The storm was set to crash ashore late this morning with frightful force, testing the three years of planning and rebuilding that followed Katrina’s devastating blow to the Gulf Coast. The storm has already killed at least 94 people on its path through the Caribbean.
Painfully aware of the failings that led to more than 1,600 deaths during Katrina, this time officials moved beyond merely insisting that tourists and residents leave south Louisiana. They threatened to put looters behind bars, loaded thousands onto buses and warned that anyone who remained behind would not be rescued.
They were confident that they had done all they could.
“It’s amazing. It makes me feel really good that so many people are saying, ‘We as Americans, we as the world, have to get this right this time,’ ” New Orleans Mayor Ray Nagin said late Sunday. “We cannot afford to screw up again.”
Col. Mike Edmondson, state police commander, said he believed that 90 percent of the population had fled the Louisiana coast. The exodus of 1.9 million people is the largest evacuation in state history, and thousands more had left from Mississippi, Alabama and flood-prone southeast Texas.
Late Sunday, Gov. Bobby Jindal issued one last plea to the roughly 100,000 people still on the coast: “If you’ve not evacuated, please do so. There are still a few hours left.”

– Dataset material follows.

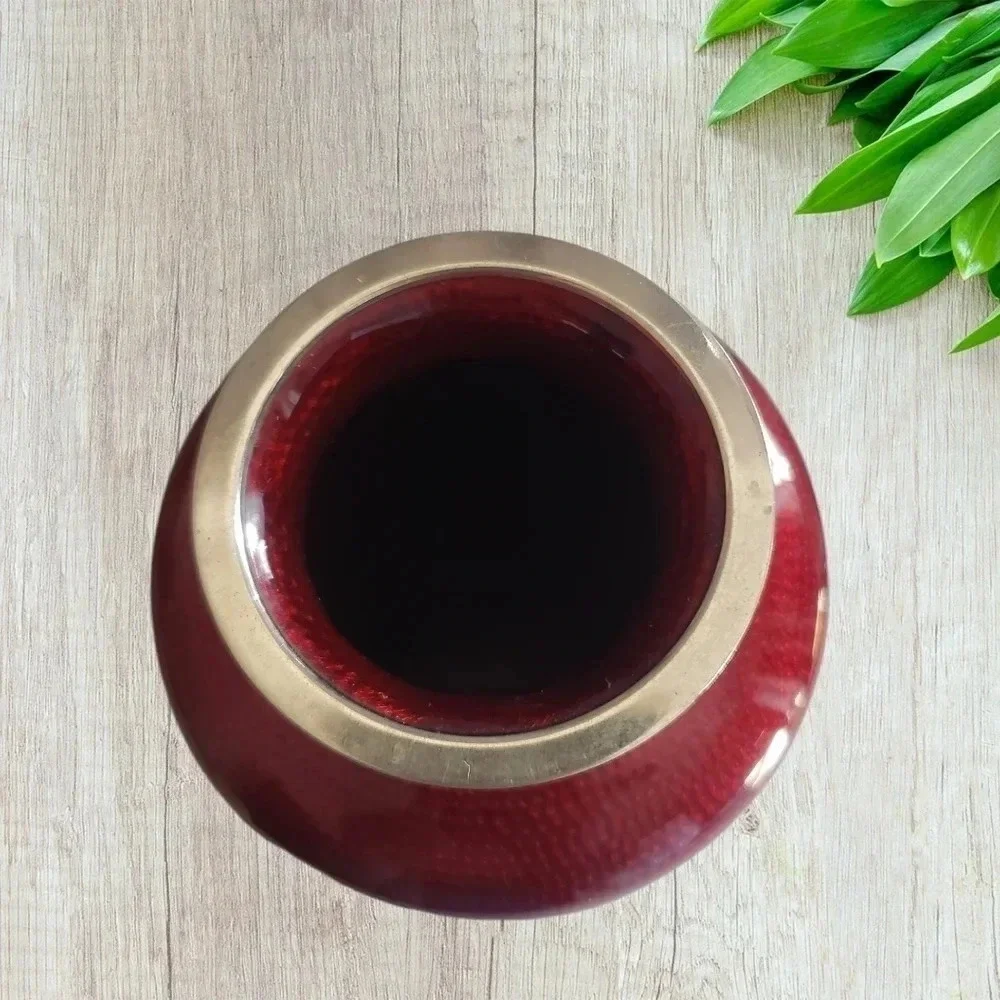 JAPANESE cloisonne vase with crimson rose lovely red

Louisiana and Mississippi temporarily changed traffic flow so all highway lanes led away from the coast, and cars were packed bumper to bumper.
Forecasters said Gustav could strengthen slightly as it marched toward the coast. At 11 p.m. EDT Sunday, the National Hurricane Center said Gustav was centered about 220 miles southeast of New Orleans and was moving northwest. It had top sustained winds of 115 mph, and was likely to stay a Category 3 storm when it made landfall west of New Orleans. Category 3 storms have winds between 111 mph and 130 mph.
In Cuba, Gustav damaged or destroyed 86,000 homes, toppled trees and telephone poles and washed out roads, but no deaths were reported Sunday as the massive storm roared away from the island.
Gustav made a direct hit on the Isla de la Juventud south of the Cuban mainland as a powerful Category 4 hurricane Saturday with screaming 140 mph winds.
Officials measured gusts of 212 mph in the western town of Paso Real del San Diego – a new wind speed record, according to the Cuban Institute of Meteorology.